- [Exercise objective]:
Beginning with the line that contains "6 3 Cristal" in the material below, print each line exactly until the line that contains "Toyota Prius+ (ZVW40)" has been printed, then stop.

- [Data]:
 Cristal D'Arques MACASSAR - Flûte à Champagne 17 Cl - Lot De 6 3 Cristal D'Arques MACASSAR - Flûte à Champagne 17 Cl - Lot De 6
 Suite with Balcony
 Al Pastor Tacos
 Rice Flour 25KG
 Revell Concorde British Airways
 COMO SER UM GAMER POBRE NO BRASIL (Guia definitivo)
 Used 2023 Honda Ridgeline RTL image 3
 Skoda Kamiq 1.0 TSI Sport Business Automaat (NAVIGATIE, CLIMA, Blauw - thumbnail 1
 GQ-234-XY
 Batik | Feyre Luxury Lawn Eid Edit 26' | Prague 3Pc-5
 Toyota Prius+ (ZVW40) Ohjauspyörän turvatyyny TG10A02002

* * *

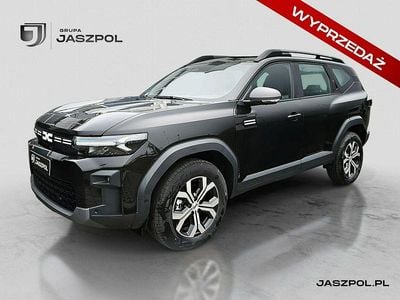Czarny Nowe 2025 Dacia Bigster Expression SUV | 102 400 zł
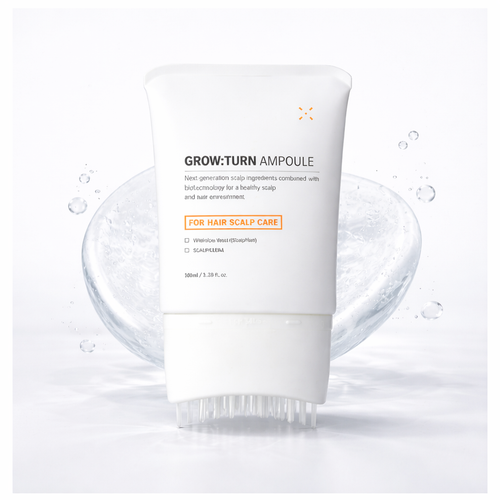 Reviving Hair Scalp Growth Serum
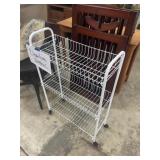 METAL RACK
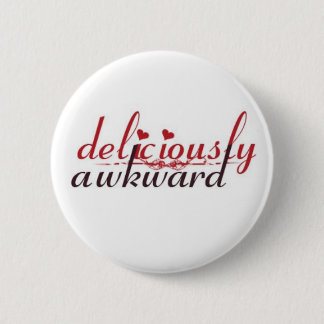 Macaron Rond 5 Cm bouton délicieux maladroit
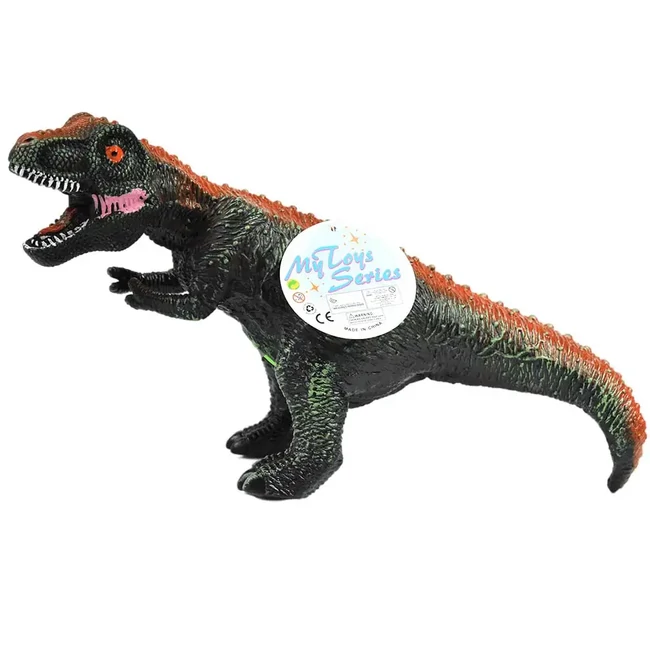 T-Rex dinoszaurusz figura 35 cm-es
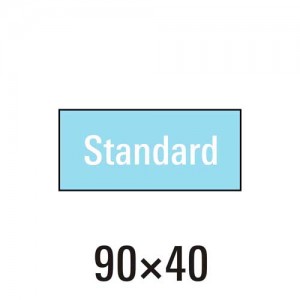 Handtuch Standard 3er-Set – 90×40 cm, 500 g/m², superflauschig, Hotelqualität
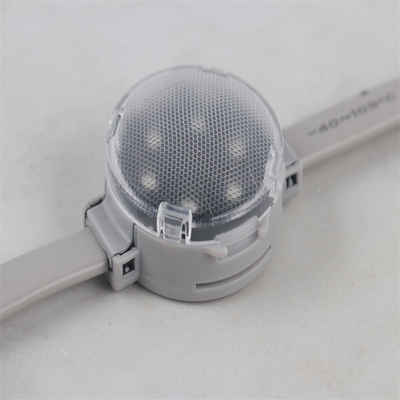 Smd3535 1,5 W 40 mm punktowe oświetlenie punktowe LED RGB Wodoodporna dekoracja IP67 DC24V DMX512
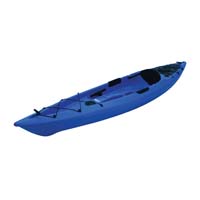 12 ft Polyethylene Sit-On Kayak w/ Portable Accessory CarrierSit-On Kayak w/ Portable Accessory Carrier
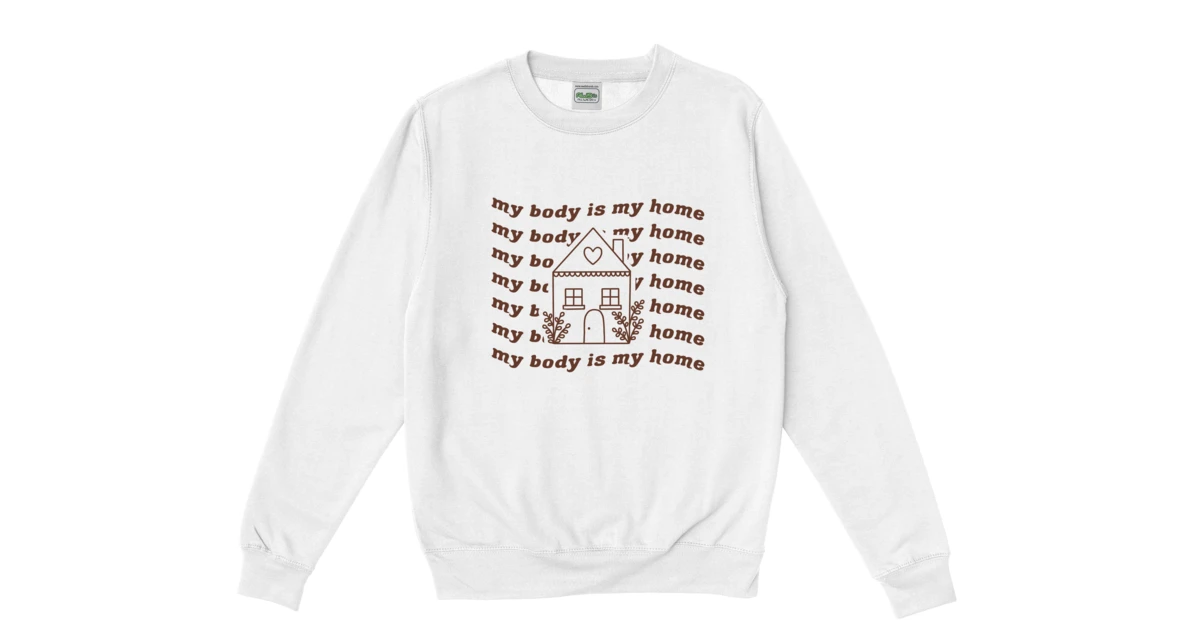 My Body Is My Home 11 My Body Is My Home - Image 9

- [Response for this exercise]:
 Cristal D'Arques MACASSAR - Flûte à Champagne 17 Cl - Lot De 6 3 Cristal D'Arques MACASSAR - Flûte à Champagne 17 Cl - Lot De 6
 Suite with Balcony
 Al Pastor Tacos
 Rice Flour 25KG
 Revell Concorde British Airways
 COMO SER UM GAMER POBRE NO BRASIL (Guia definitivo)
 Used 2023 Honda Ridgeline RTL image 3
 Skoda Kamiq 1.0 TSI Sport Business Automaat (NAVIGATIE, CLIMA, Blauw - thumbnail 1
 GQ-234-XY
 Batik | Feyre Luxury Lawn Eid Edit 26' | Prague 3Pc-5
 Toyota Prius+ (ZVW40) Ohjauspyörän turvatyyny TG10A02002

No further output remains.